Finalmente, la tercera fuente de conflicto es producto de los desencuentros que son producto de un sistema político viejo que se rehúsa a transformarse: un sistema político pre-moderno, justicia medieval y formas no democráticas de acción política. Los legisladores protestan por lo que ven en el Pacto por México como usurpación de sus funciones y responsabilidades. Los gobernadores ejercen el gasto sin rendición alguna de cuentas. Los poderes públicos no tienen bien definidos sus límites y mecanismos de contrapeso. En una palabra, perviven instituciones y formas viejas que son incompatibles con una realidad transformada.

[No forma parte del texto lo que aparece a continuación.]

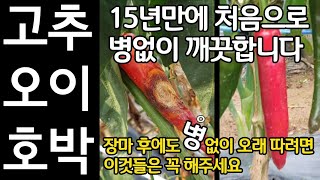 고추 오이 호박 장마 후에도 병없이 오래 따려면 이건 꼭 해주세요. 15년만에 처음으로 병없이 깨끗합니다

México vive un momento de paradojas y efervescencia. Por casi veinte años, el país se fue transformando sin un gobierno que le impusiera un camino y sin un proyecto coherente de reforma institucional o económica. Aunque muchas cosas avanzaron, el desorden era creciente. En ausencia de liderazgo presidencial, el país se movía a su ritmo y forma, pero sin capacidad de aprovechar oportunidades y acelerar el paso del desarrollo económico. Ahora que hay un liderazgo efectivo la gran pregunta es si sabrá aprovechar el momento para construir instituciones modernas y forjar un futuro diferente o si se limitará a intentar recrear un mundo que ya no es posible.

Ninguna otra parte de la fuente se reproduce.